:: Data extracts

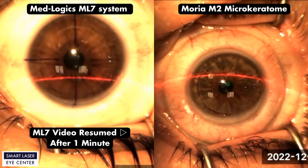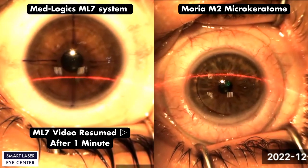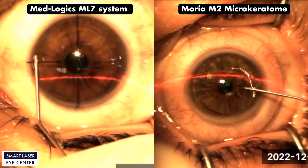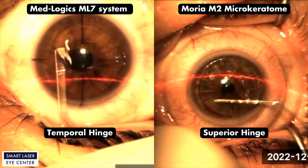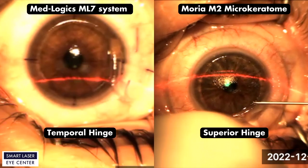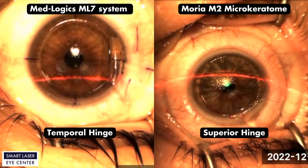Now we can start playing the rest of the ML7 video and let the surgeon finish the laser surgery procedure for both microkeratomes at the same time. ML7 cut temporal hinge and Moria M2 cut superior hinge. The surgeon could lift off both flaps smoothly and easily.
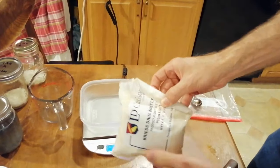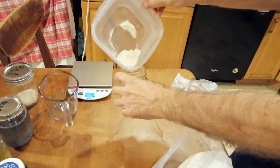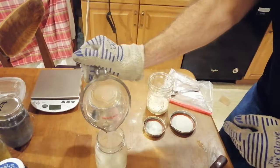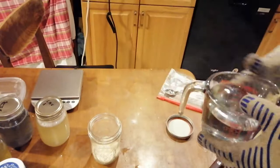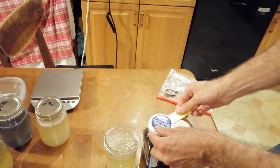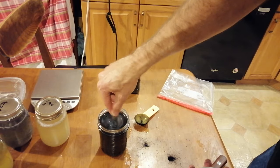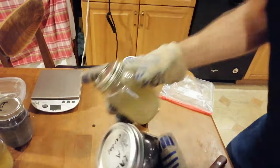Now for the recommended LME agar: weigh out eight grams of light malt extract, also known as LME, then pour that into one of the jars containing eight grams of agar powder. We'll repeat all of this for our black LME agar recipe. Then add 400 milliliters of hot water to each jar and shake to dissolve everything. For the black agar recipe we'll add two level tablespoons of the powdered carbon that we blended up earlier. Stir this up thoroughly with a spoon before putting the lid on, then give them all a good shake before we put them into the pressure cooker.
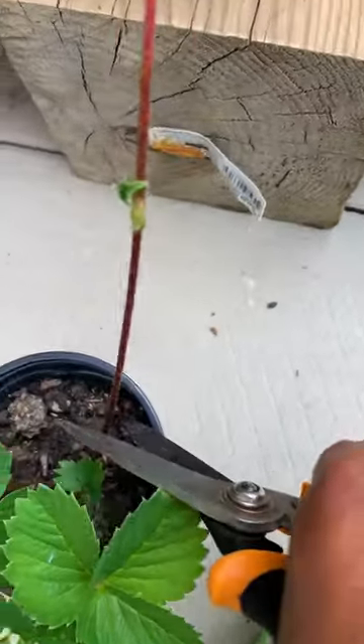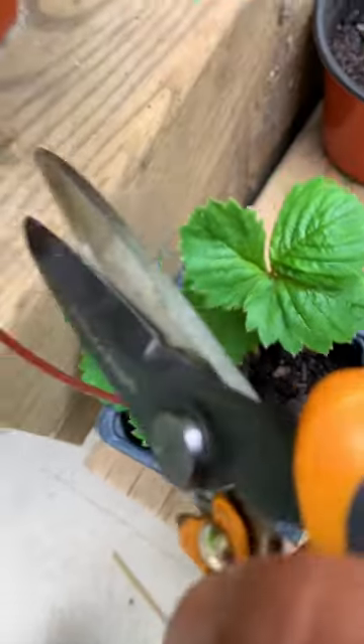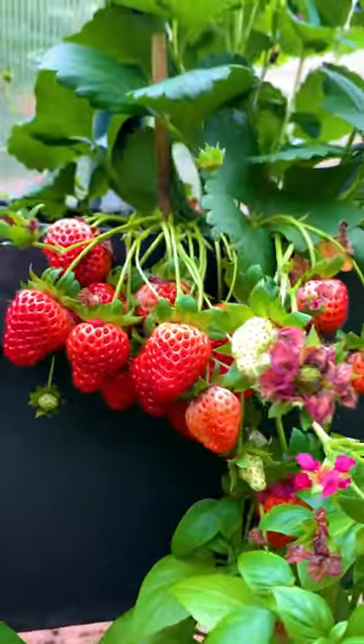Grab a small container, fill it with potting soil, and place that daughter plant on top while still attached to the stem. It will eventually form roots. After consistently watering for a week, you can cut the stem and separate the plant. I usually grow them in small containers and they'll start producing next season.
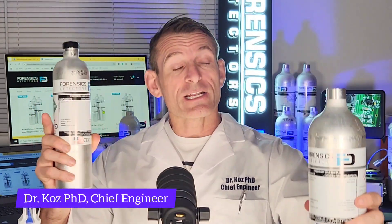Calibration gas bottles are critical to undertake your calibration procedure to ensure your gas detector is calibrated. Calibration ensures that your gas detector is accurate — that's the point of calibrating. You want to make sure it's accurate.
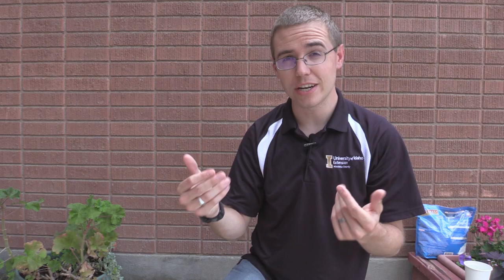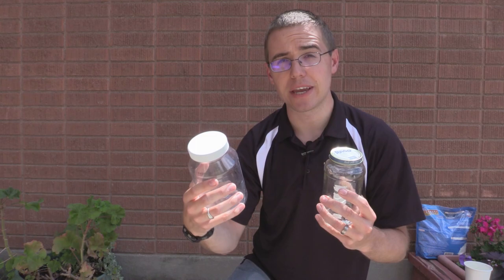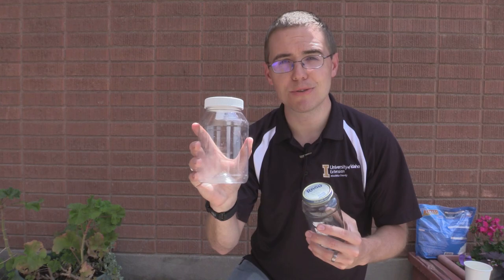First off, let's talk about what you're going to need to make a kill jar. You're going to need a jar. You can use plastic or you can use glass. I personally prefer plastic because it's much less likely to break, and in some parks you can't take glass jars because they're worried it's going to break and cause some harm. So usually plastic is probably the safest bet, but you can use glass if you want.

::::

Brief ->
From the first line of the records through the line containing "Calibration gas bottles", please output exactly those lines and nothing more, leaving out the pictures.

Task response ->
Now we can start playing the rest of the ML7 video and let the surgeon finish the laser surgery procedure for both microkeratomes at the same time. ML7 cut temporal hinge and Moria M2 cut superior hinge. The surgeon could lift off both flaps smoothly and easily.
Now for the recommended LME agar: weigh out eight grams of light malt extract, also known as LME, then pour that into one of the jars containing eight grams of agar powder. We'll repeat all of this for our black LME agar recipe. Then add 400 milliliters of hot water to each jar and shake to dissolve everything. For the black agar recipe we'll add two level tablespoons of the powdered carbon that we blended up earlier. Stir this up thoroughly with a spoon before putting the lid on, then give them all a good shake before we put them into the pressure cooker.
Grab a small container, fill it with potting soil, and place that daughter plant on top while still attached to the stem. It will eventually form roots. After consistently watering for a week, you can cut the stem and separate the plant. I usually grow them in small containers and they'll start producing next season.
Calibration gas bottles are critical to undertake your calibration procedure to ensure your gas detector is calibrated. Calibration ensures that your gas detector is accurate — that's the point of calibrating. You want to make sure it's accurate.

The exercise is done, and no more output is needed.